Records supplied:
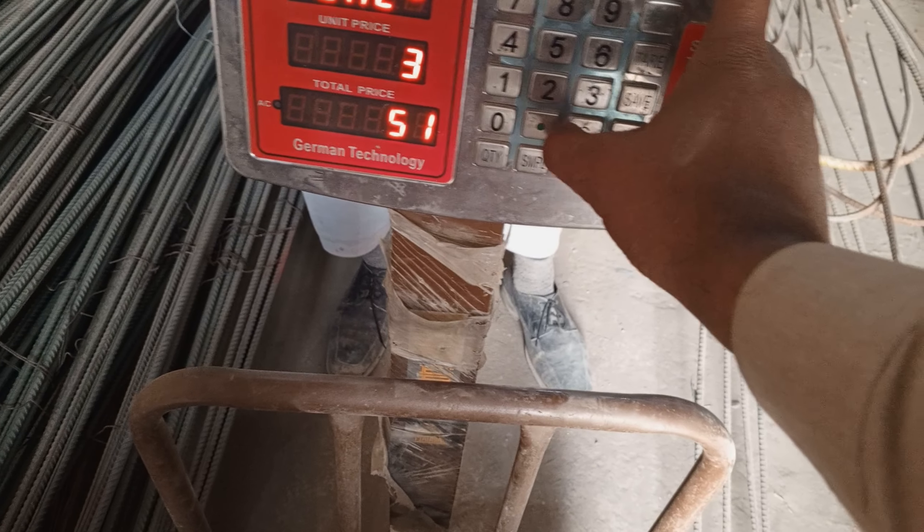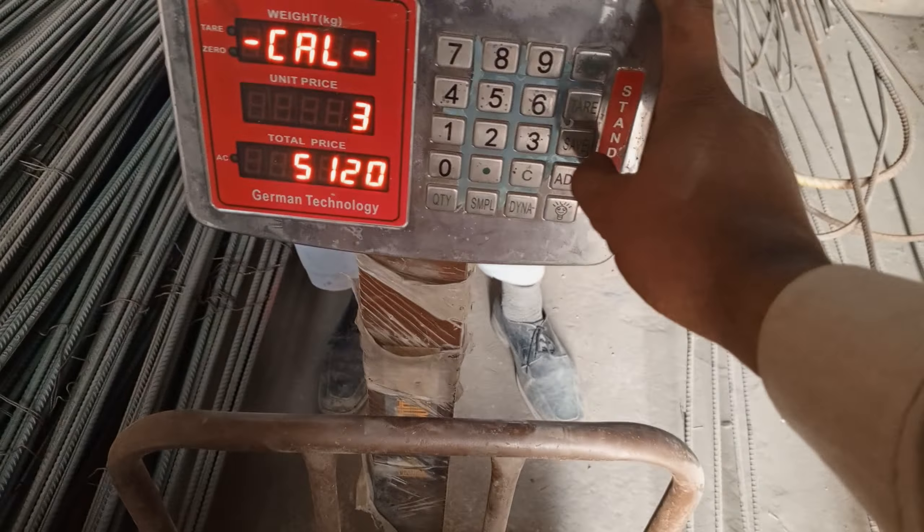We will carry out the car calibration. This is 300 kg. We will carry out the car; its password is 25.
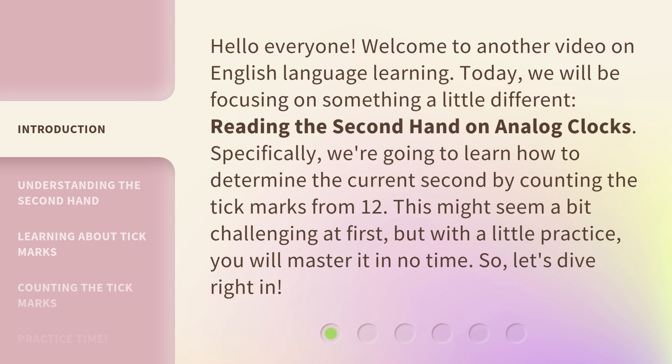Specifically, we're going to learn how to determine the current second by counting the tick marks from 12. This might seem a bit challenging at first, but with a little practice, you will master it in no time. So, let's dive right in.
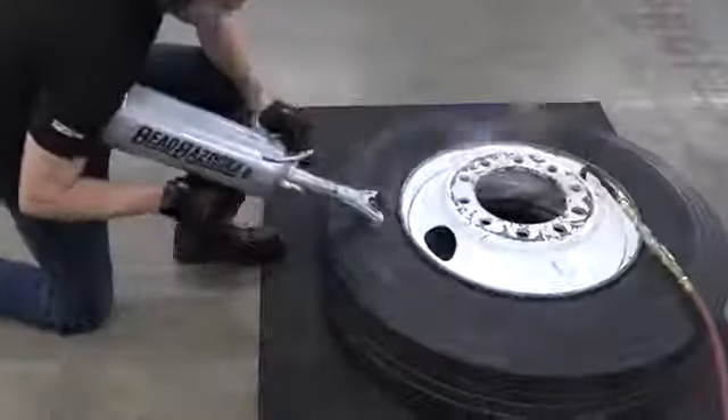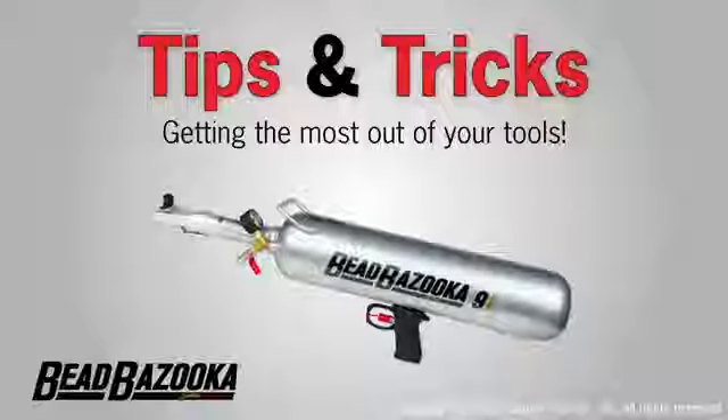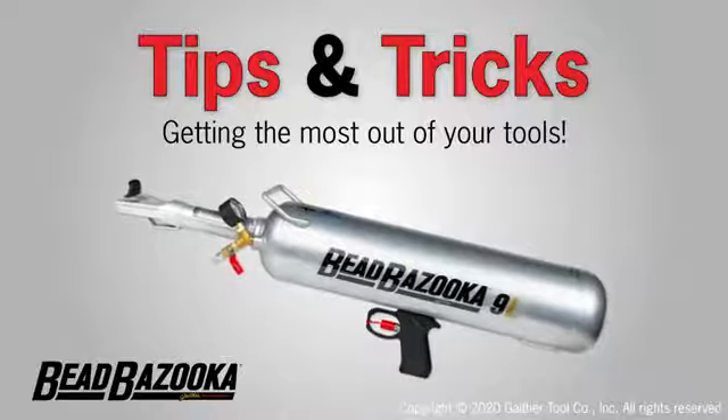The Bead Bazooka is the most powerful bead seeder in the world, but do you know how to get the most out of yours? Let's take a look at some quick tips and tricks so you can get the most out of your Bead Bazooka.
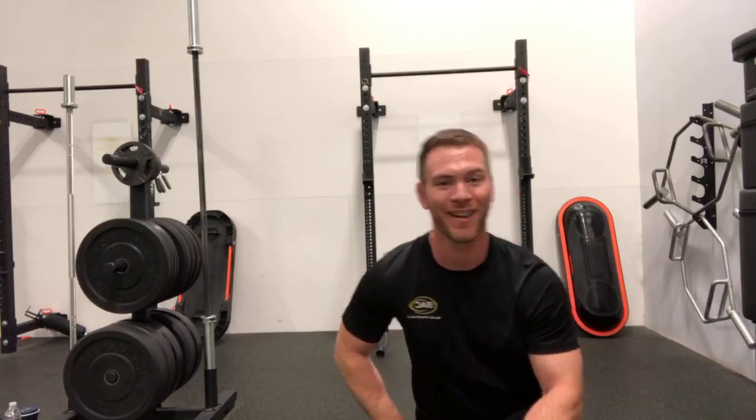So there's just a quick tip — think about spreading the floor with the knees and the feet in your squat. Definitely talk to one of our trainers on staff if you'd like your squat looked at. And we'll go from there. Alright, take care.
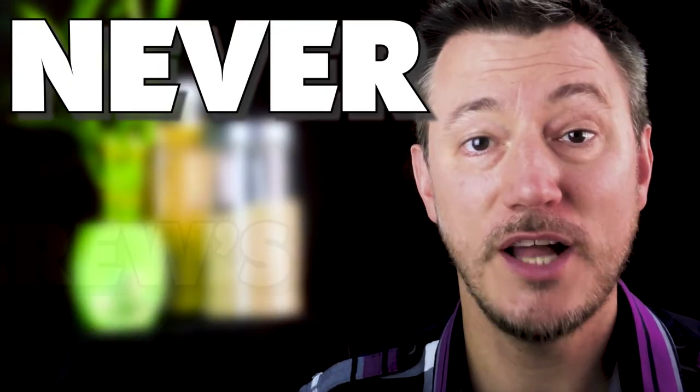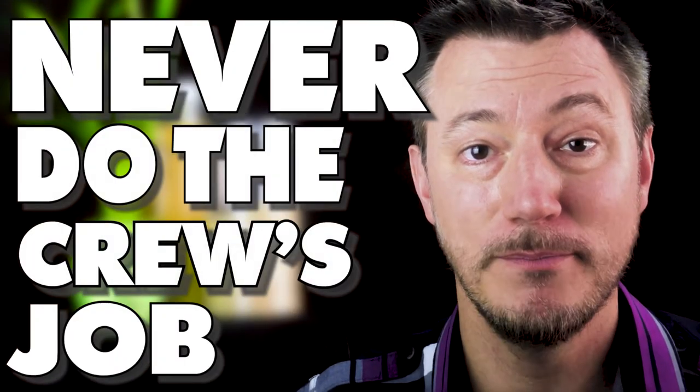Today's never-ever tip: do not do the crew members' job. Don't tweak or adjust any lights, don't play around with knobs and buttons, don't pull any ropes, don't get in the way of the crew when they're doing a set change, don't get in their sight line, and don't bug them while they're doing their job.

Assignment: Would you set down the material exactly as it stands, without the pictures?

Answer to the exercise:
We will carry out the car calibration. This is 300 kg. We will carry out the car; its password is 25.
Specifically, we're going to learn how to determine the current second by counting the tick marks from 12. This might seem a bit challenging at first, but with a little practice, you will master it in no time. So, let's dive right in.
The Bead Bazooka is the most powerful bead seeder in the world, but do you know how to get the most out of yours? Let's take a look at some quick tips and tricks so you can get the most out of your Bead Bazooka.
So there's just a quick tip — think about spreading the floor with the knees and the feet in your squat. Definitely talk to one of our trainers on staff if you'd like your squat looked at. And we'll go from there. Alright, take care.
Today's never-ever tip: do not do the crew members' job. Don't tweak or adjust any lights, don't play around with knobs and buttons, don't pull any ropes, don't get in the way of the crew when they're doing a set change, don't get in their sight line, and don't bug them while they're doing their job.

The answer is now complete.